Therese Vaughan, chief executive officer of the National Association of Insurance Commissioners, Kansas City, Mo., makes that argument in a policy brief released by the Networks Financial Institute at Indiana State University.

In the brief, Vaughan discusses the implications of the new Solvency II European insurance regulation reforms for U.S. insurance regulation.

Vaughan will be presenting the brief June 15 in Minneapolis, during the summer meeting of the NAIC, at a session organized by the NAIC’s Solvency Modernization Initiative Task Force.

Vaughan emphasizes in a note that the views expressed in the brief are hers and do not necessarily reflect official positions of the NAIC or of NAIC members.

“Much of the recent work in supervision, both in banking and in insurance, has been characterized as a movement from a rules-based approach to a principles-based approach to supervision and regulation,” Vaughan writes.

Vaughan says regulators and others have assumed that:

- Companies had an incentive to properly manage their risk.

- Regulators could distinguish between firms that effectively managed risk and those that did not, and that the results generated by an insurer’s own internal risk-assessment models were an effective measure of risk differentiation.

- Regulators would take action when they had identified a firm that did not effectively manage its risk.

“All three assumptions are being questioned in light of the recent market turmoil,” Vaughan writes.

One lesson of the turmoil is that “a regulatory structure that includes a system of checks and balances can help control the negative effects of errors,” Vaughan writes.

Another lesson is that insurance supervision should reflect a careful balance of rules-based and principles-based approaches to supervision, Vaugh writes.
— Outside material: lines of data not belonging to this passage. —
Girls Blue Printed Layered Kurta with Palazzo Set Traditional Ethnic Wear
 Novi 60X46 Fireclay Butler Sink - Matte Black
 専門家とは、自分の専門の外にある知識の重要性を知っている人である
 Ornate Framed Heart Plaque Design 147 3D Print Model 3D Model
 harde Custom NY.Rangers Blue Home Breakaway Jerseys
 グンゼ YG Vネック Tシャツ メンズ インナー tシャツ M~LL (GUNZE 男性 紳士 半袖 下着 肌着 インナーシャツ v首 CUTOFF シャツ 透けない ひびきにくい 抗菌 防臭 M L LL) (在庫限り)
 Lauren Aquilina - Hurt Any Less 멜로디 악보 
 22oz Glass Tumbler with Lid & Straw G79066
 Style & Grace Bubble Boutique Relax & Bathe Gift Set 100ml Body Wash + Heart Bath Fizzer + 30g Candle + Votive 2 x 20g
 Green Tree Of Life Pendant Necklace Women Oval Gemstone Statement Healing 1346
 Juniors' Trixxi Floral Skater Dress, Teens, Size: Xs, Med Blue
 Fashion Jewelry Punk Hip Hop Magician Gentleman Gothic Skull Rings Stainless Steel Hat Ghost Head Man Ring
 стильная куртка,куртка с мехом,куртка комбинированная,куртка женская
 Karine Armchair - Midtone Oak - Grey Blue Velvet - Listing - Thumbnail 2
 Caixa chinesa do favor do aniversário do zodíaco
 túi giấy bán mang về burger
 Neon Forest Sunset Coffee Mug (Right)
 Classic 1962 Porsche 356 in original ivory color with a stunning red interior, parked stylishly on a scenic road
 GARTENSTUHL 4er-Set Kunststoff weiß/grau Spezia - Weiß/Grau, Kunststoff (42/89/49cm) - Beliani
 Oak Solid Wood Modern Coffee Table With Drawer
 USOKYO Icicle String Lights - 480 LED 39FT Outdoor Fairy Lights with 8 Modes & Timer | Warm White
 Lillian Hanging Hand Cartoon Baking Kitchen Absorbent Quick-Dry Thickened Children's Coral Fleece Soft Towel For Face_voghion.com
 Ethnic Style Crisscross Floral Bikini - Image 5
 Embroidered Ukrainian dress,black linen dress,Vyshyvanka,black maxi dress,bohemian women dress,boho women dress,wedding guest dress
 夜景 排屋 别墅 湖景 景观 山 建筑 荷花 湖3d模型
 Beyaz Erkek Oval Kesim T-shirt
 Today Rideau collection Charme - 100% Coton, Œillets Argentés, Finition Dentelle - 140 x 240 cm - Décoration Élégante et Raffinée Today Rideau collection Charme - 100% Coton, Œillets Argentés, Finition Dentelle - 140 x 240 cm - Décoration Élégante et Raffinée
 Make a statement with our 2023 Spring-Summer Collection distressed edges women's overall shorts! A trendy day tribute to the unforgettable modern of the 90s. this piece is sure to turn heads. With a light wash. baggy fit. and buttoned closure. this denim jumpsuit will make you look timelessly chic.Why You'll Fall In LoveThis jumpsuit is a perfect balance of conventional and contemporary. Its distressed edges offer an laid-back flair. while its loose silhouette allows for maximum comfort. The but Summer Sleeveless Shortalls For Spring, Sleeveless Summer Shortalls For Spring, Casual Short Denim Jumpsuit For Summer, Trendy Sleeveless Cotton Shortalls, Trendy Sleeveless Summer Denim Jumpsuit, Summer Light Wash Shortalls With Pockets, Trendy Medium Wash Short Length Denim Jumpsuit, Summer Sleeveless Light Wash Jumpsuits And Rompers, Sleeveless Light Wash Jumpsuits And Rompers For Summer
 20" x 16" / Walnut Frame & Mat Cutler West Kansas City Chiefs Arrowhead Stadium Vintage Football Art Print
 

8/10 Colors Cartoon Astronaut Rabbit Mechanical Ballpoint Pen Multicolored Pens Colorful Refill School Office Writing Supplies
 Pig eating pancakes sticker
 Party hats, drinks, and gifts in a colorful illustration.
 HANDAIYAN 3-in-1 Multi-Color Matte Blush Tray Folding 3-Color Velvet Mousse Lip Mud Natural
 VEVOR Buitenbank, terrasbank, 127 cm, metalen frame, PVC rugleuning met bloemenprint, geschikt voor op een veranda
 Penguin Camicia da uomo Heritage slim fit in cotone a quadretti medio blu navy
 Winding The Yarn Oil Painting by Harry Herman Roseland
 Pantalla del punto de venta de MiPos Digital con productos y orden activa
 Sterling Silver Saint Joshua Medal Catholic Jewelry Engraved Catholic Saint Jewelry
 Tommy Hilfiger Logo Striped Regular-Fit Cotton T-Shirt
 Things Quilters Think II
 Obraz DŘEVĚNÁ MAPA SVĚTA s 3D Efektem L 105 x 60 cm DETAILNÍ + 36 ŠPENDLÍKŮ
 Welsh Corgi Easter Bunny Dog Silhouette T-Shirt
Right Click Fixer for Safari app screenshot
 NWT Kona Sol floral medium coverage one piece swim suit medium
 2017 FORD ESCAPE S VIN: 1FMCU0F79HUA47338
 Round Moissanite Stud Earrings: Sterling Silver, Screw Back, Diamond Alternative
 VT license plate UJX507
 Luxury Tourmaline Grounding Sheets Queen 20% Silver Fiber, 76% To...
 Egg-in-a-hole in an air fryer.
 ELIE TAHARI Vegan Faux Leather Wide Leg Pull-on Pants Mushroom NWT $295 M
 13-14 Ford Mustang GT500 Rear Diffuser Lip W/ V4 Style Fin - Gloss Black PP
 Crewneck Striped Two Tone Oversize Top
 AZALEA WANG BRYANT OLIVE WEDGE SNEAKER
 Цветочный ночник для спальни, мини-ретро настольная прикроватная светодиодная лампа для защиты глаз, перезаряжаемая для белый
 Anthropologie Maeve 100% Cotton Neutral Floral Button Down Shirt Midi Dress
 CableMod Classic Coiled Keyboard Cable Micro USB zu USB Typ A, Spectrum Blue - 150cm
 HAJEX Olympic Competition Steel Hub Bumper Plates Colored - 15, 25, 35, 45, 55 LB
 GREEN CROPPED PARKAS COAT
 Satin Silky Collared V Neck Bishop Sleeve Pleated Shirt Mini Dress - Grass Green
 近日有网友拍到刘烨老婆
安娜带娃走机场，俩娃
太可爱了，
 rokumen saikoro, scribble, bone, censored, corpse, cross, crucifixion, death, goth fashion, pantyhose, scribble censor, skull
“A rules-based approach is one way to address the potential for regulatory errors, the problem of regulatory forbearance,” she writes. “Internal models will continue to serve a role, but they must be used with a proper appreciation for their limitations. Companies will undoubtedly find internal models useful as they plan for the future. But for regulatory capital purposes, they are best used on a targeted basis, aimed at those risks that require the use of internal models, and used with proper safeguards.”

The Solvency Modernization Initiative Task Force also will consider draft recommendations from the International Solvency and Accounting Working Group, according to a task force session agenda.

“The NAIC should discuss the need for a company to have written risk management policies adopted by the board as well as a common format for risk-focused financial reporting,” the working group suggests in the draft, which is posted on the task force section on the NAIC website. “A common format could improve the risk-focused surveillance process, could provide for an actual to expected analysis, and could be used for desired regulatory data collection at times of newly emerging or unusual risk events.”

The NAIC also should address topics such as the proper use of internal models, regulation of corporate groups, and systemic risk oversight, the working group suggests.